In a context of changing trade policy patterns and increased frequency of shocks to international supply chains, it is increasingly important for policymakers to understand where value is created, where vulnerabilities arise, how shocks travel through production networks and how firms reorganise when confronted with geopolitical tensions, price volatility, technological change and new policy priorities.
The OECD Trade in Value Added (TiVA) initiative has helped policymakers better understand these questions for more than a decade. Building on inter-country input-output tables1, TiVA indicators show that exports are not only final products sold abroad. They also embody foreign inputs, domestic value added used in other countries and services that support production, logistics, finance, design, distribution and after-sales activities. This makes value-added data essential for understanding modern trade, including because they make it possible to identify which countries are positioned upstream or downstream within global supply chains.
Trends in Global Value Chains introduces three complementary datasets that facilitate a thorough understanding of how global production is organised.
The first is the OECD Previous Year’s Prices Inter-Country Input-Output database (OECD PYP ICIO). It allows GVC indicators to be analysed in real terms, making it possible to distinguish changes in prices from changes in volumes. This is essential in the current inflationary environment.
The second is the OECD Analytical Activities of Multinational Enterprises database (Analytical AMNE). GVCs are not organised only through trade. A large part of international integration takes place through firms that establish affiliates abroad, transfer knowledge and technology within corporate networks, and combine production, trade and investment across jurisdictions. Ownership-based indicators make this dimension of global production visible.2
The third is a new set of TiVA indicators for services by mode of supply (TiVA-MoS), derived from the Analytical AMNE database. Services are a central component of GVCs. They are traded across borders, embedded in goods, supplied digitally, and delivered through affiliates established abroad. New indicators presented in this report provide a comprehensive picture of how services are supplied internationally, including through commercial presence abroad.

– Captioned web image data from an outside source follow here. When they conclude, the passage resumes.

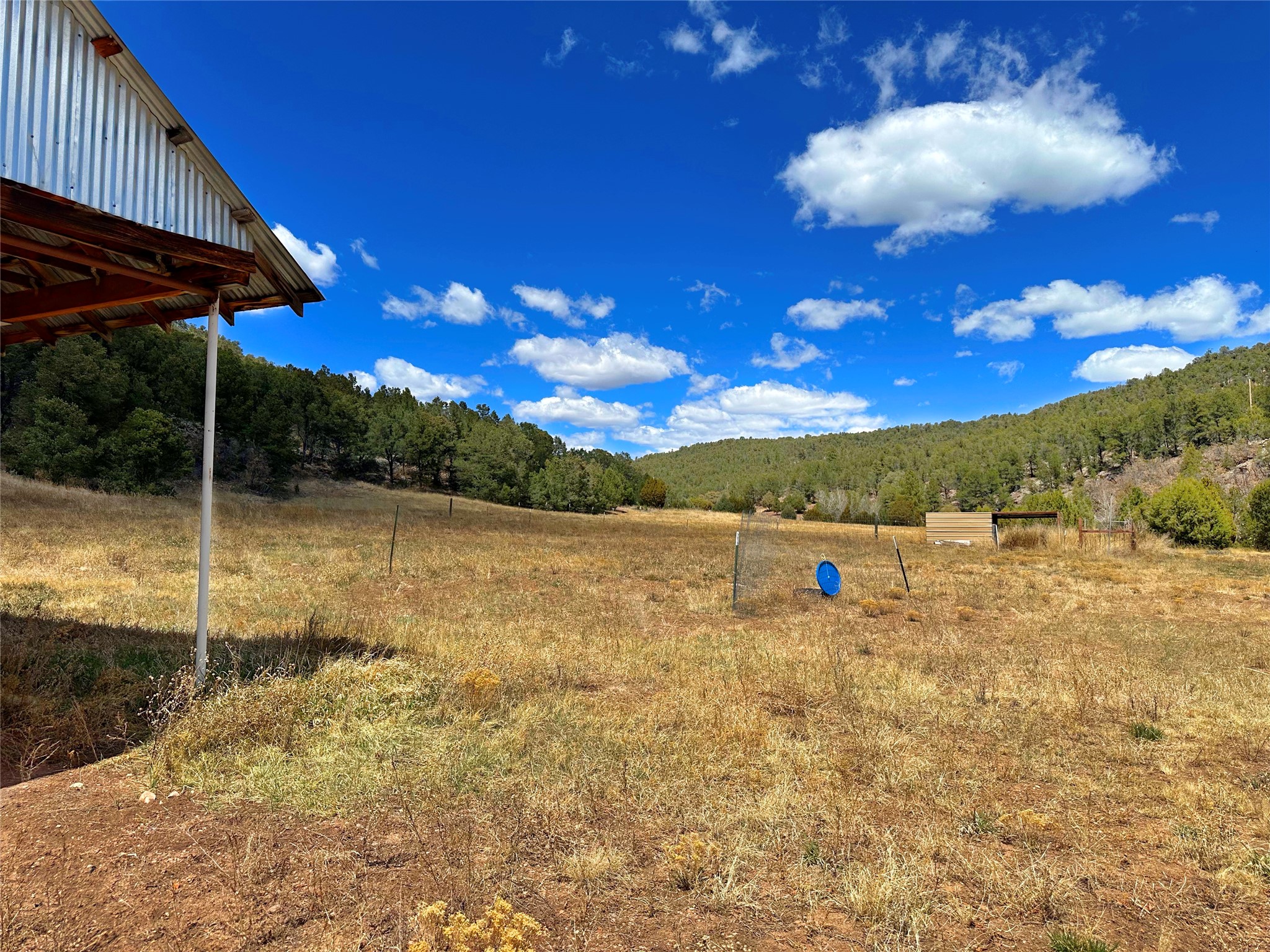 53 County Rd B44C Pecos, NM 87552 - Photo 16 of 24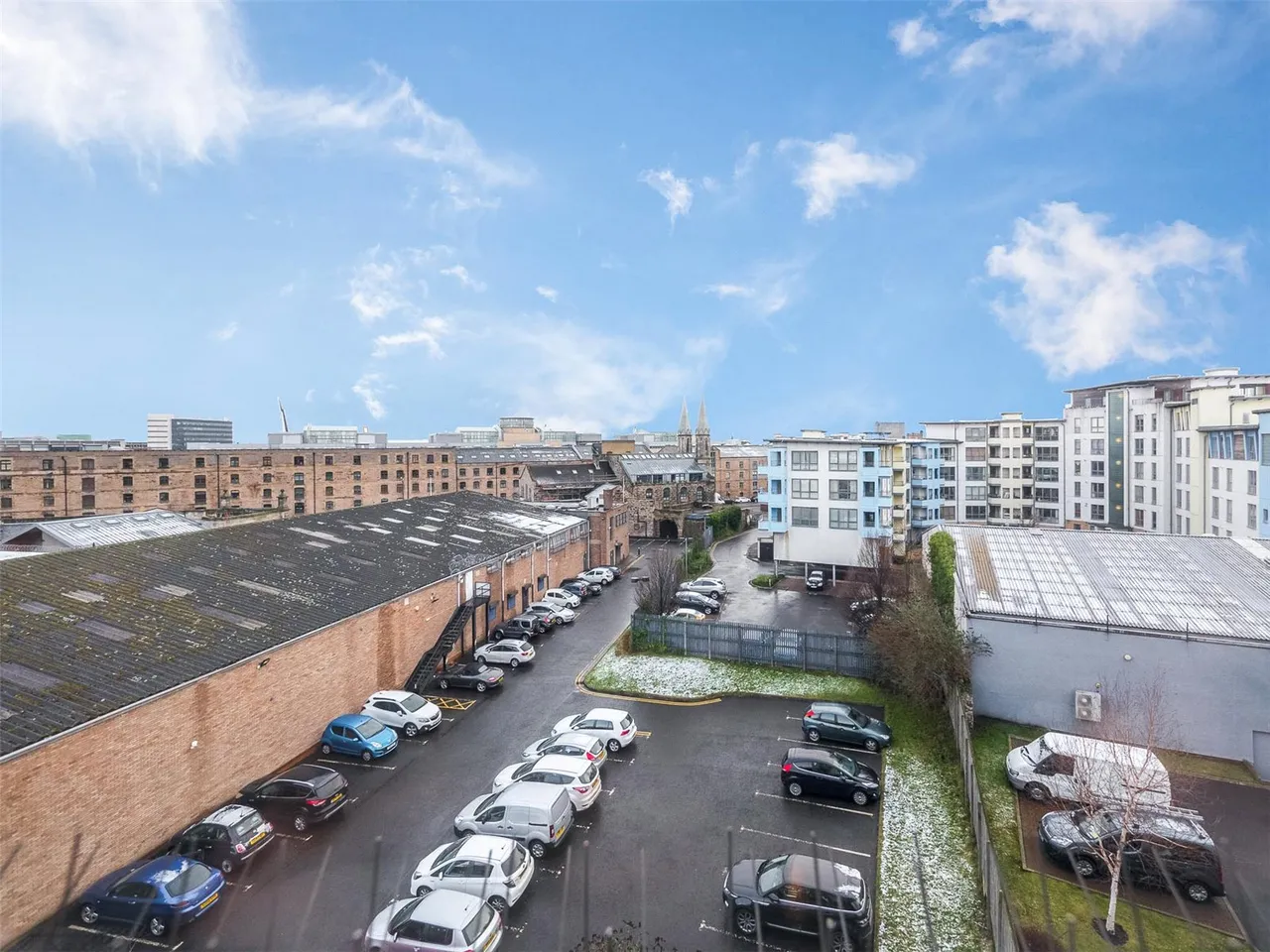 East Cromwell Street, Edinburgh, EH6, photo 20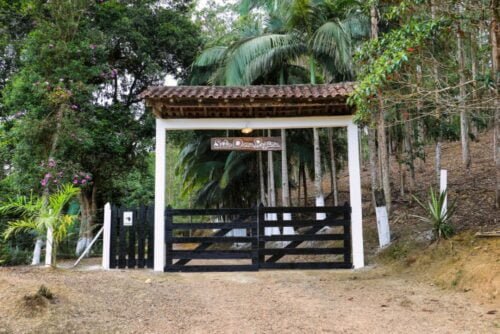 B sitio dona regina entrada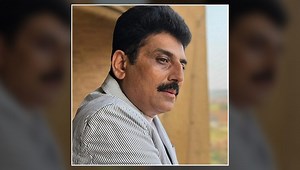 Did Shailesh Lodha refute the rumours of his exit from TMKOC? Actor drops hint in latest post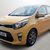Kia Picanto 1.0 3 5dr [4 seats] 6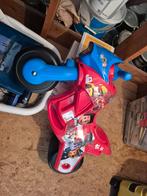 Loopbrommertje paw patrol, Ophalen, Zo goed als nieuw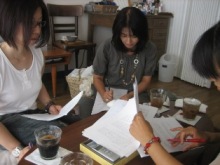 あやこ☆先生のハッピー♪ラッキー♪大好き～♪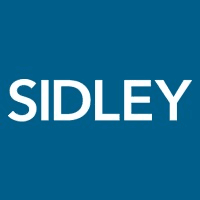Sidley Austin LLP Logo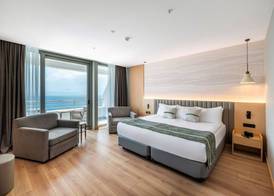 Korumar Hotel Deluxe 2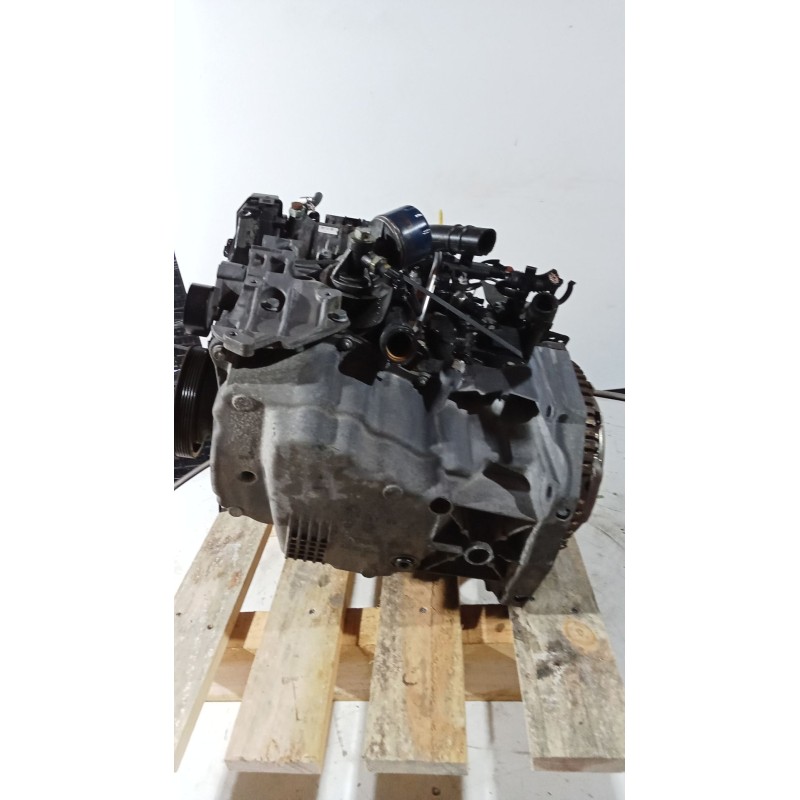 Recambio de motor completo para renault scénic ii (jm0/1_) 1.5 dci (jm02, jm13) referencia OEM IAM K9KF728 DELPHY D20638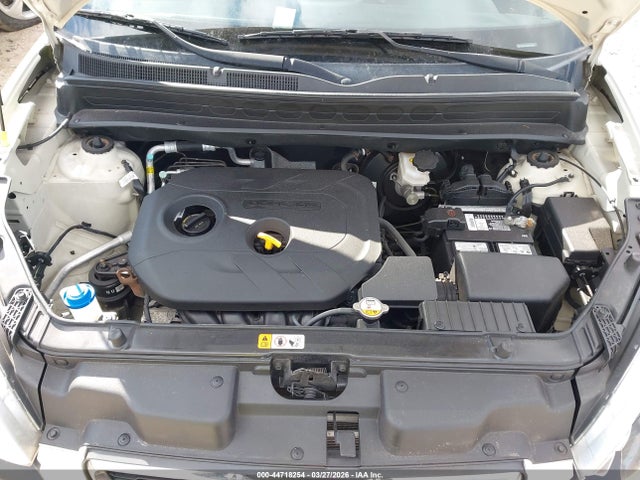 2013 Kia Soul + მანქანა იყიდება აუქციონზე, vin: KNDJT2A68D7554894, აუქციონის ნომერი: 44718254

These three datasets respond to a common policy need: to better understand GVCs at a time when they are under pressure and undergoing change. Taken together, they provide a comprehensive view of how economies participate in GVCs. They provide tools for identifying exposure to foreign inputs, assessing the domestic value generated by exports, analysing the role of multinational enterprises, and measuring the international supply of services more comprehensively. These tools can inform policies on trade, investment, industrial development, services regulation, economic security and supply chain resilience.

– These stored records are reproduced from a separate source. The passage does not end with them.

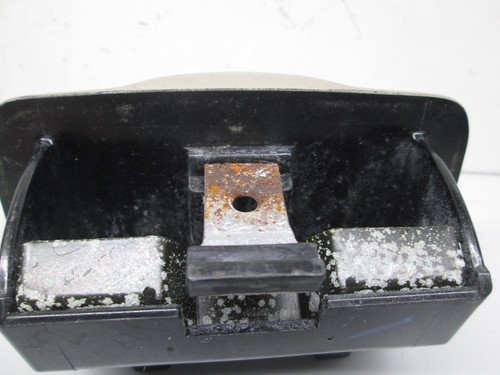 1992-2000 LEXUS SC400 SC300 CENTER FLOOR REAR ASHTRAY ASH TRAY STORAGE OEM TAN - Foto 8 di 11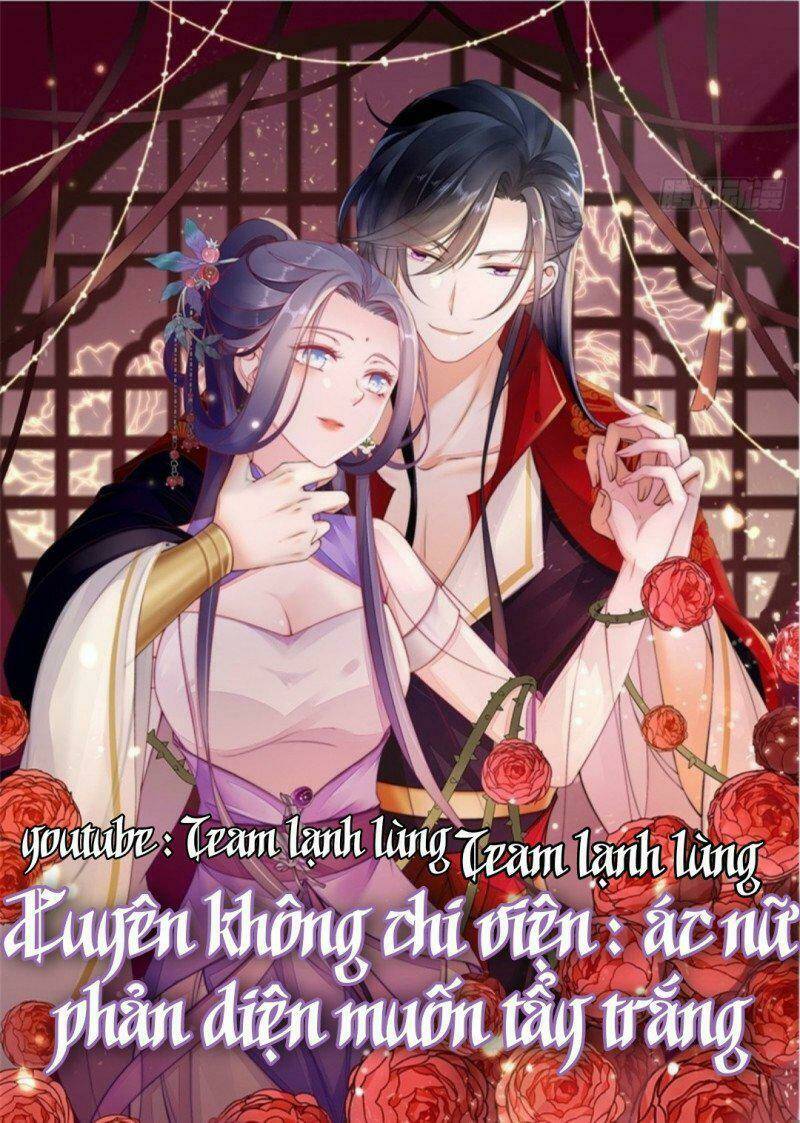 Mau Xuyên Không Rửa Tội Cho Nhân Vật Phản Diện Chapter 47 - Trang 2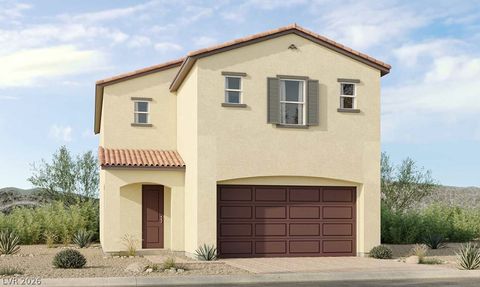 Homes For Sale - 651 Orchid Cactus Avenue<br/> Las Vegas, NV 89183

The value of these datasets also lies in their international comparability. GVCs are, by definition, cross-border phenomena. No single country can fully understand its position in production networks using national data alone. Comparable OECD datasets allow governments to benchmark their economies, identify sectoral patterns, assess bilateral and regional linkages, and understand how domestic policies interact with global production structures. They also provide a common statistical foundation for international dialogue.